How to complete this task. Look for "Подвесной светильник IONA" in the records below, then copy that line and every line after it, exactly and with nothing added.

++++ Records for processing

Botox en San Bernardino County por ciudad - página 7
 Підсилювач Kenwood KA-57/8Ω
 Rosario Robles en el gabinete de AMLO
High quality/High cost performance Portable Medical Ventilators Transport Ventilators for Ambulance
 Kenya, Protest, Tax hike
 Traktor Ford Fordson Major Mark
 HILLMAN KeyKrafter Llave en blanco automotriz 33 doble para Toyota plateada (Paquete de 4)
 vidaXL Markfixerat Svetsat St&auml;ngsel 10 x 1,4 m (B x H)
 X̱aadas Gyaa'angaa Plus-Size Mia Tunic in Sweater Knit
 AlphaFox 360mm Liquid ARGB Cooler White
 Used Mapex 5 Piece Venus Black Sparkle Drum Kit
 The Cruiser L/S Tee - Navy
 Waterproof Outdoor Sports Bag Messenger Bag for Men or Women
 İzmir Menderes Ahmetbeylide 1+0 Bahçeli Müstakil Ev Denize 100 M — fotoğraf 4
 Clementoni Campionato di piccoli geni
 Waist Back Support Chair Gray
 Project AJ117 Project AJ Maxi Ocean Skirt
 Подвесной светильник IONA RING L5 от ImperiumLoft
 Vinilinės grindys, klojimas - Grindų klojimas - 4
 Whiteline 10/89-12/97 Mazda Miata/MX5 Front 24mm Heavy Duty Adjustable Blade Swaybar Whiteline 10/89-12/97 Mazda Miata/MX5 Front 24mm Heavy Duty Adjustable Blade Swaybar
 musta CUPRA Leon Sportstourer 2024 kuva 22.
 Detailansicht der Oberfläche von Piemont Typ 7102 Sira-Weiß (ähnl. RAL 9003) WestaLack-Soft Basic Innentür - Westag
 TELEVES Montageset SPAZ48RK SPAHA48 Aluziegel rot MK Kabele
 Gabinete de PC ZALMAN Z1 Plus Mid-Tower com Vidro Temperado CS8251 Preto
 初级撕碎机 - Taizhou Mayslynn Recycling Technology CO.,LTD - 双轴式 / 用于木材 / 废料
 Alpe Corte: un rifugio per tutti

++++++++

Problem solution.
 Подвесной светильник IONA RING L5 от ImperiumLoft
 Vinilinės grindys, klojimas - Grindų klojimas - 4
 Whiteline 10/89-12/97 Mazda Miata/MX5 Front 24mm Heavy Duty Adjustable Blade Swaybar Whiteline 10/89-12/97 Mazda Miata/MX5 Front 24mm Heavy Duty Adjustable Blade Swaybar
 musta CUPRA Leon Sportstourer 2024 kuva 22.
 Detailansicht der Oberfläche von Piemont Typ 7102 Sira-Weiß (ähnl. RAL 9003) WestaLack-Soft Basic Innentür - Westag
 TELEVES Montageset SPAZ48RK SPAHA48 Aluziegel rot MK Kabele
 Gabinete de PC ZALMAN Z1 Plus Mid-Tower com Vidro Temperado CS8251 Preto
 初级撕碎机 - Taizhou Mayslynn Recycling Technology CO.,LTD - 双轴式 / 用于木材 / 废料
 Alpe Corte: un rifugio per tutti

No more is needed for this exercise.